Just Asking - With 80% of University of Vermont Students Coming from Out-of-State, Should It Be a Private School?
At Compass Vermont, you get the full story; you get to decide. and vote.
Every late August, it’s a familiar sight. The parade of cars with license plates from Massachusetts, New Jersey, Connecticut, and New York streams up I-89, loaded down with dorm-room essentials. It’s a sign of the seasons in Vermont, as reliable as the first snowfall. The students are returning to the University of Vermont.
But for years now, a quiet question, asked around kitchen tables and in line at the general store, has grown louder: Whose kids are being welcomed?
Leading the Nation in Out-of-State Students at a Public College
It might not be surprising to learn that Vermont now officially leads the nation in its reliance on out-of-state students at its public colleges. At UVM, the numbers are particularly stark. For the class that entered in the fall of 2023, only about 18 out of every 100 first-year students were from Vermont. The overall undergraduate population sits at just over 20% in-state.

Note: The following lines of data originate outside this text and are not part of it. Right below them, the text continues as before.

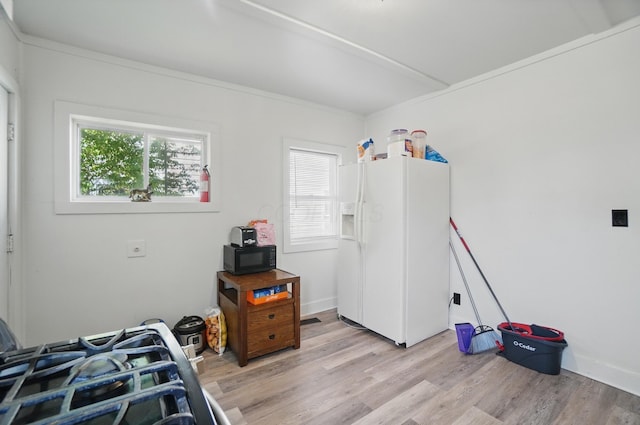 bedroom featuring light wood finished floors and white fridge with ice dispenser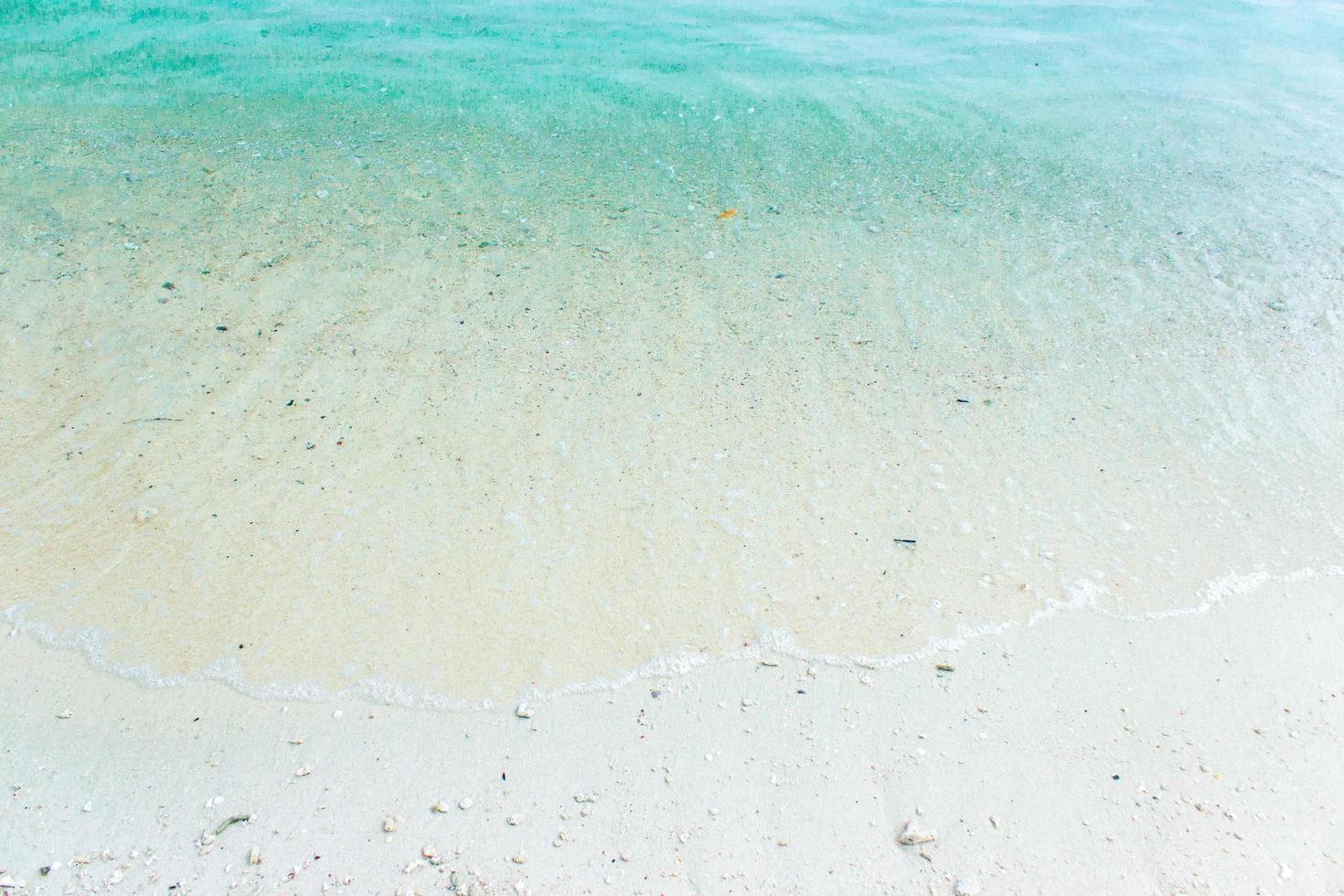 vit sand med blått vatten foto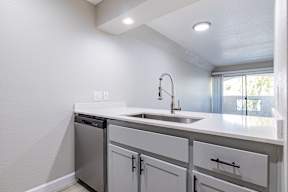 A white kitchen with a sink and a dishwasher at Sofia Apartments, Tempe, 85283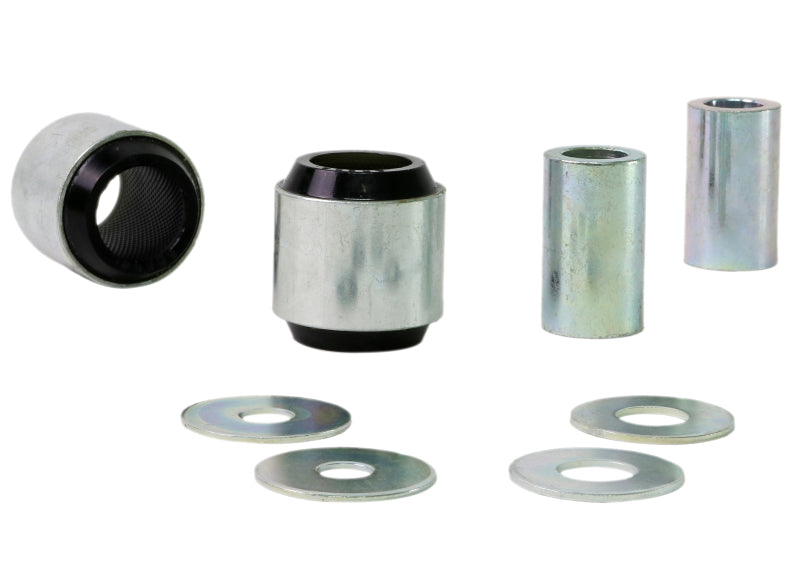 Subaru WRX rear trailing arm bushing kit components including bushings and washers for suspension optimization.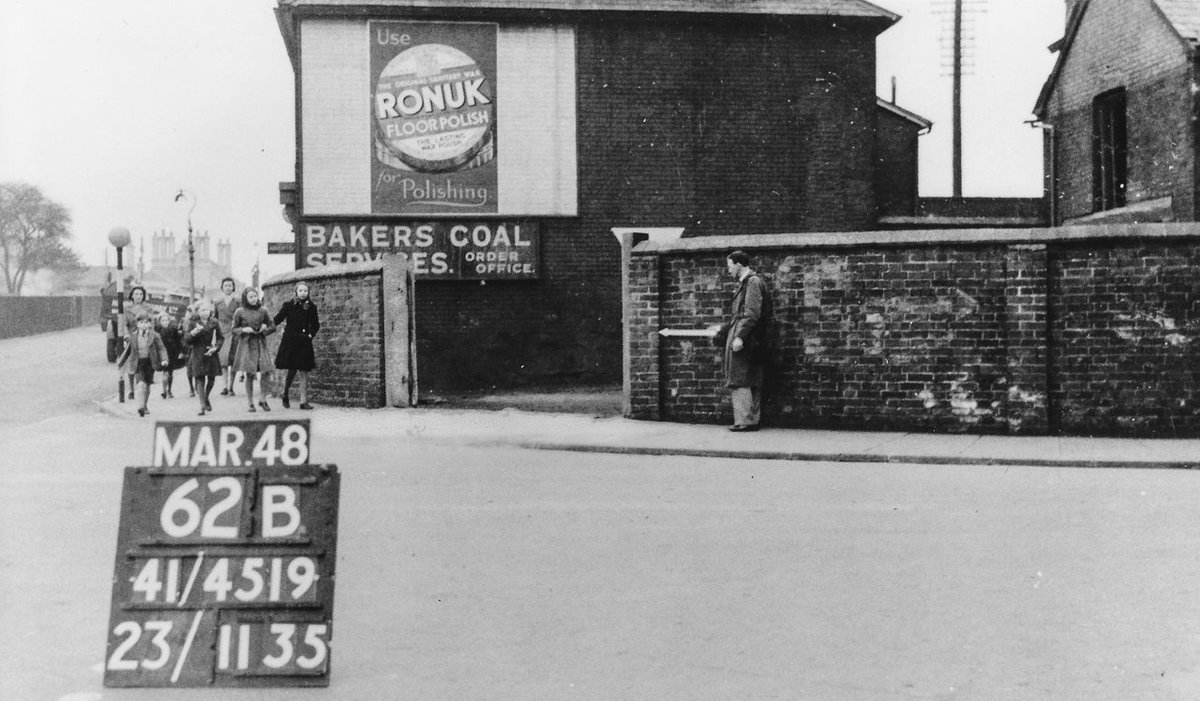 In 1948 Bakers Coal Yard was at the junction of Romsey Road with Station Hill (to the left). Above the group of people can be seen the chimneys of the long-since demolished Junction Hotel, now used as the station car park.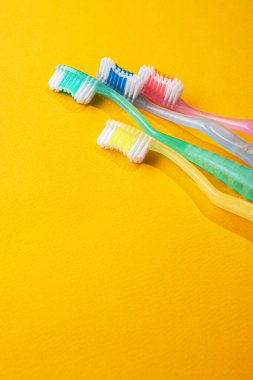 Sarı arka planda dört diş fırçası.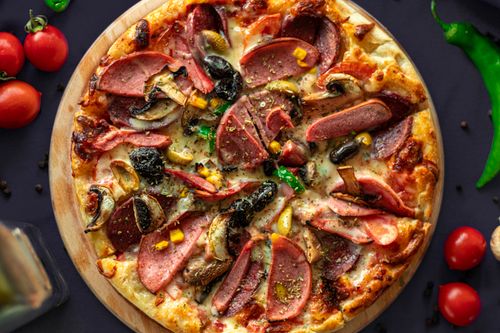 Free Top view of a freshly baked pizza with meat and vegetables, perfect for food photography lovers. Stock Photo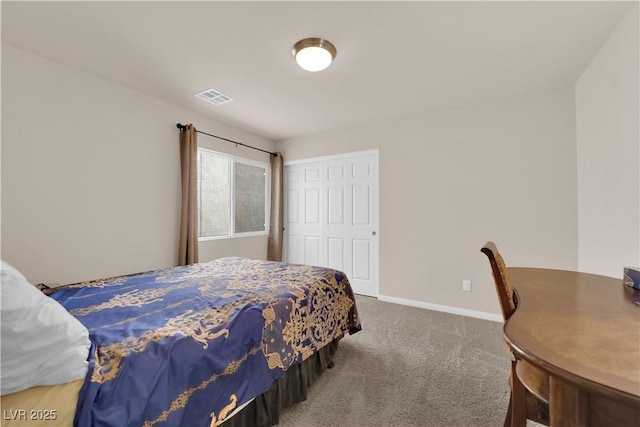 bedroom featuring a closet, carpet flooring, visible vents, and baseboards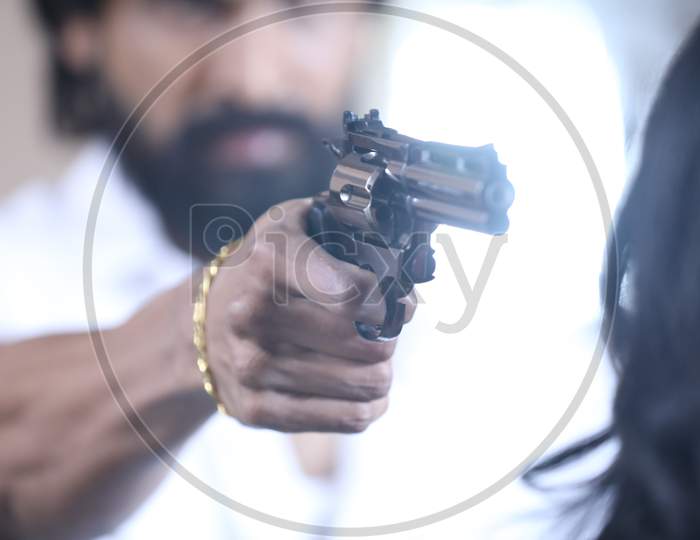 Man Aiming Pistol or Gun Or Revolver In Hand Closeup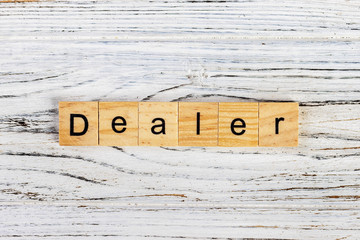 DEALER word made with building blocks concept.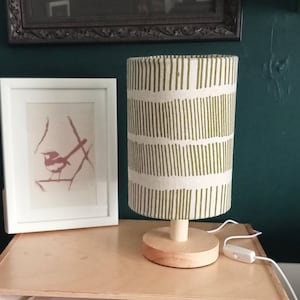 May include: A white table lamp with a green and white patterned fabric shade. The shade has a geometric pattern of vertical lines. The lamp is on a wooden table next to a white picture frame with a bird illustration.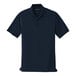 A unisex navy blue Port Authority polo shirt.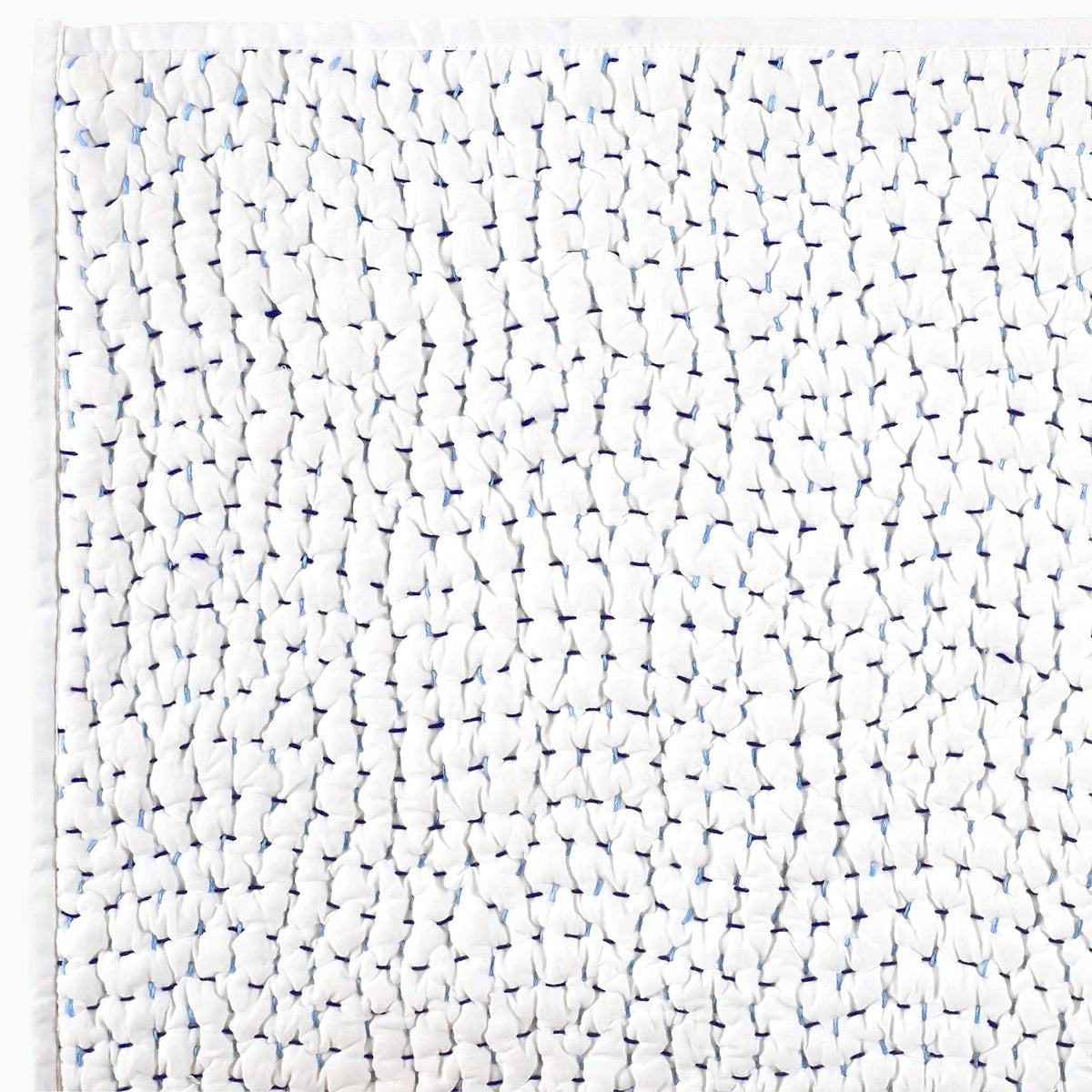 Close-up of the John Robshaw Hand Stitched Coverlet King, featuring white textured fabric with gathered sections and blue stitches for a unique, hand-stitched quilted look.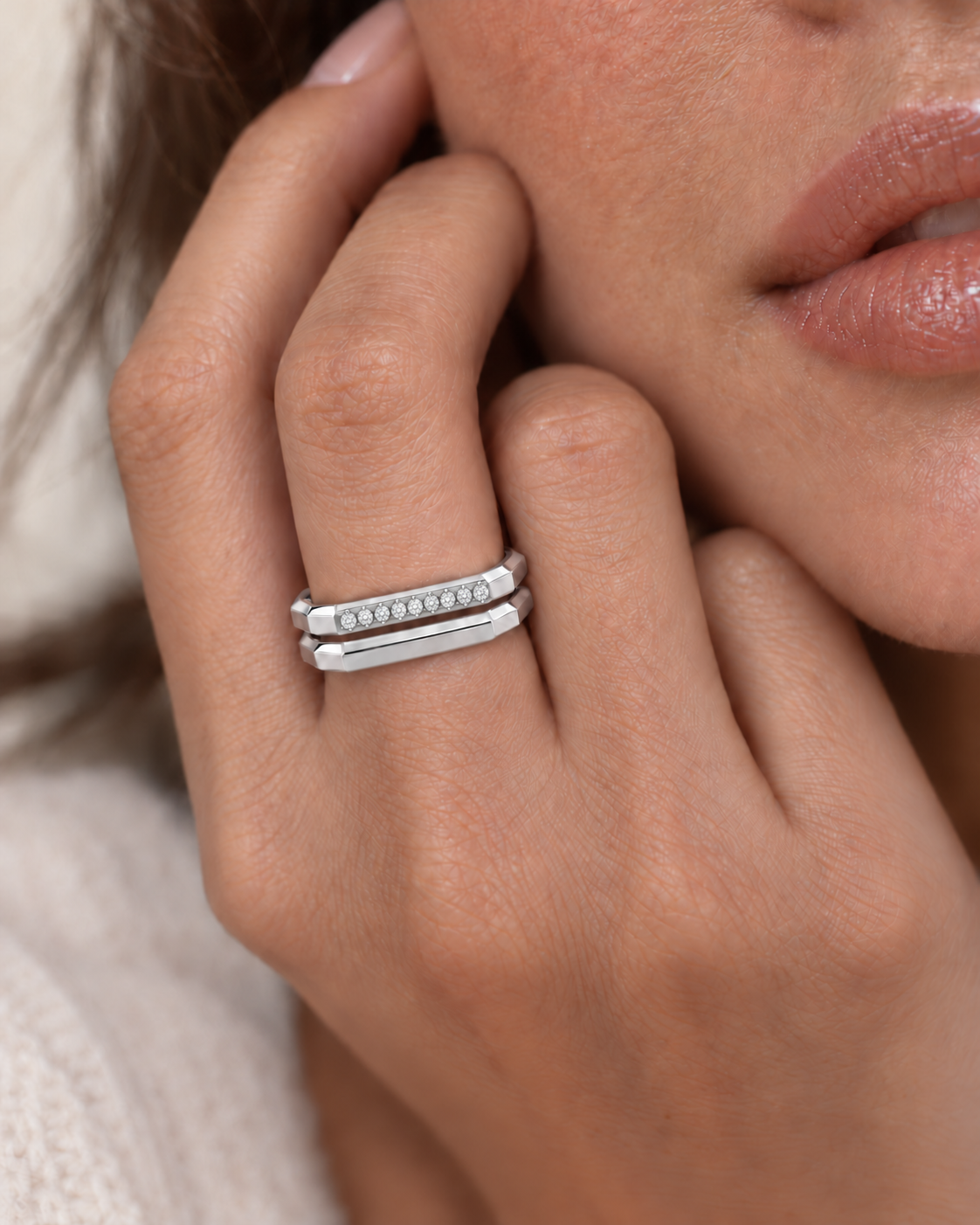 AMBECA silver-tone Mosaic pave and plain stacking rings worn together on a model's hand, styling view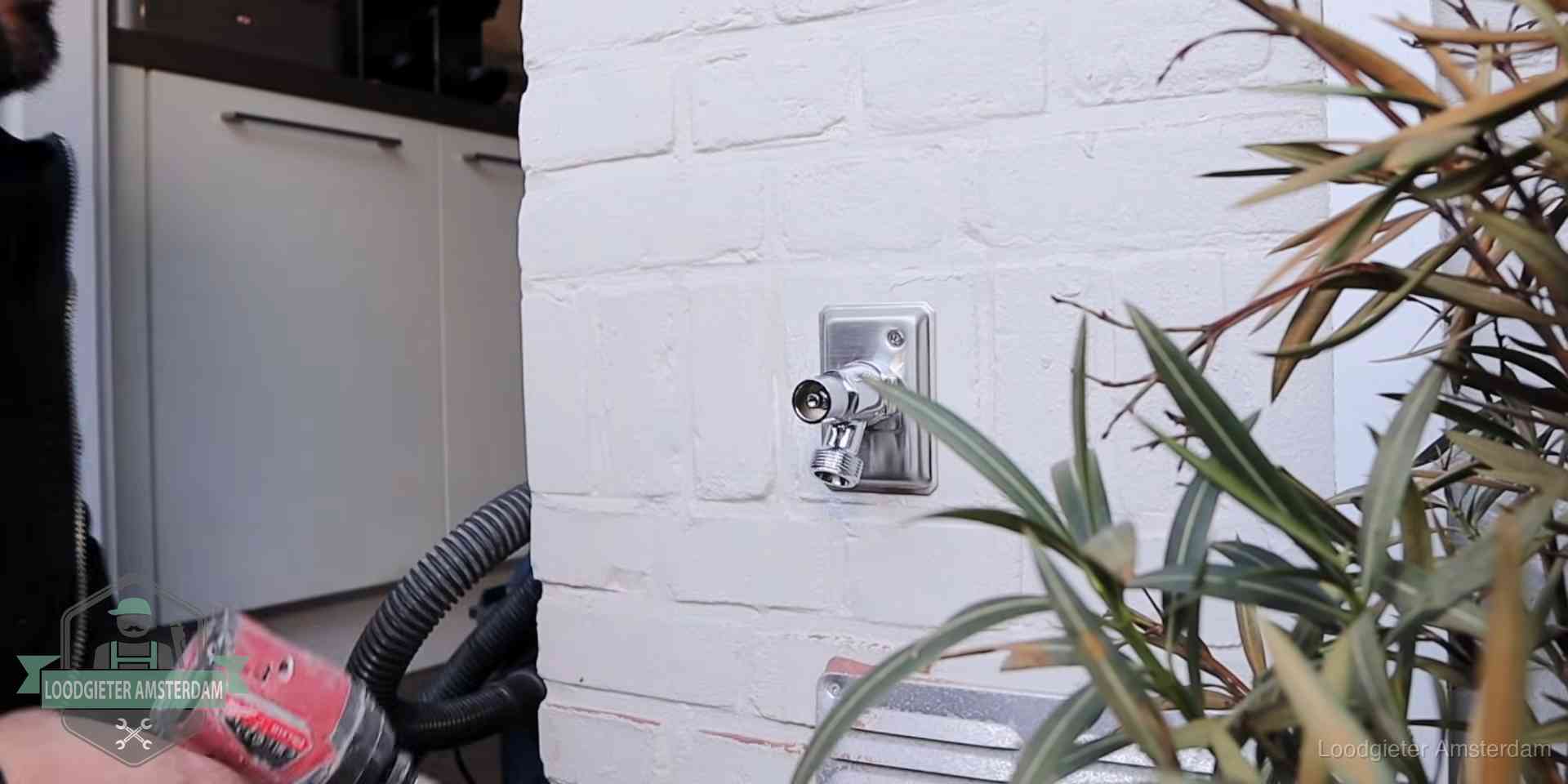Chromen kraan op een muurplaat bij een woning in Amsterdam, dichtdraaien is stap een van de lektest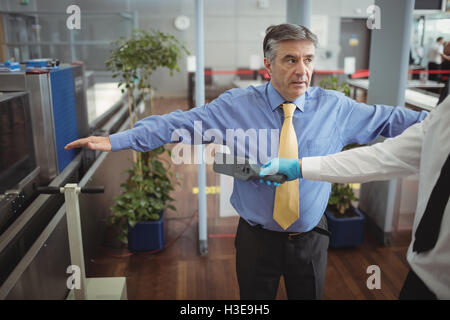 Flughafen Sicherheitsoffizier mit einer Hand hielt Metalldetektor einen Passagier zu überprüfen Stockfoto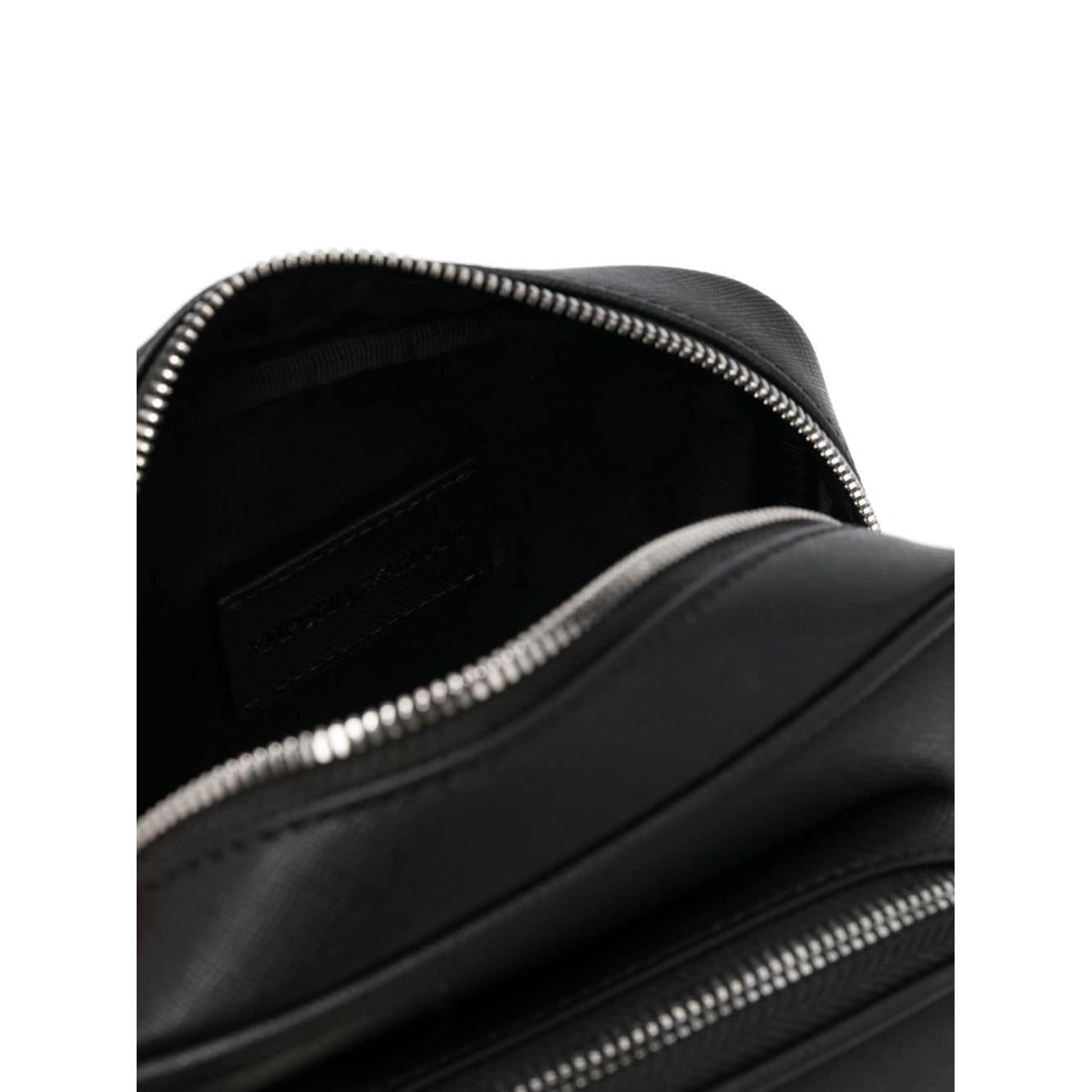 Front view with bag zipped and handles upright.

For a state’s flagship, land-grant university, that’s a number that gives pause, especially when the land-grant program was intentionally designed to be executed with a primary and unwavering focus on the people, communities, and economies of each university's home state.
This has led some of their neighbors to ask a tough, almost unthinkable question: If UVM already looks and acts like an elite private college, should it just be made official?
The View from the Business Community: A Pragmatic Pivot
There’s a pragmatic argument to be made, one that might be heard from a Main Street business owner in Burlington or a CPA in Rutland. They look at the state budget and see a simple, hard truth: for decades, Vermont has ranked near the bottom for state funding of higher education. They see the state's own shrinking number of high school graduates.
From this perspective, UVM’s leadership made a calculated, and perhaps necessary, business decision. They built a national brand, a “Public Ivy,” that attracts thousands of students willing to pay a premium. That out-of-state tuition—north of $44,000 a year—is a powerful economic engine. It funds cutting-edge research, pays the salaries of thousands of Vermonters, and allows UVM to offer programs that a smaller, state-focused school could only dream of.
These folks aren’t being callous; they’re being realistic. They argue that this model is what keeps UVM not just solvent, but thriving, while other colleges have struggled. The question they pose is this: If the university is primarily funded by out-of-state families, and the taxpayers can’t or won’t foot the bill, why should there be opposition to it becoming what it needs to be to survive? Maybe, they argue, it’s time to let UVM be a private partner to the state, not a public dependent.
Has the Out-of-State Student Push Worked Financially?
In two words: not really. UVM’s leadership has been candid that the university is under financial stress, even if they stop short of calling it a crisis. The phrase “financial turmoil” is not too far off – UVM is grappling with budget deficits, cost overruns, and the need for emergency measures, despite the high tuition revenue from out-of-state students. In effect, the pivot to 80% out-of-state has not fully stabilized UVM’s finances; it may have been necessary to prevent worse shortfalls, but the university today is still running on razor-thin margins.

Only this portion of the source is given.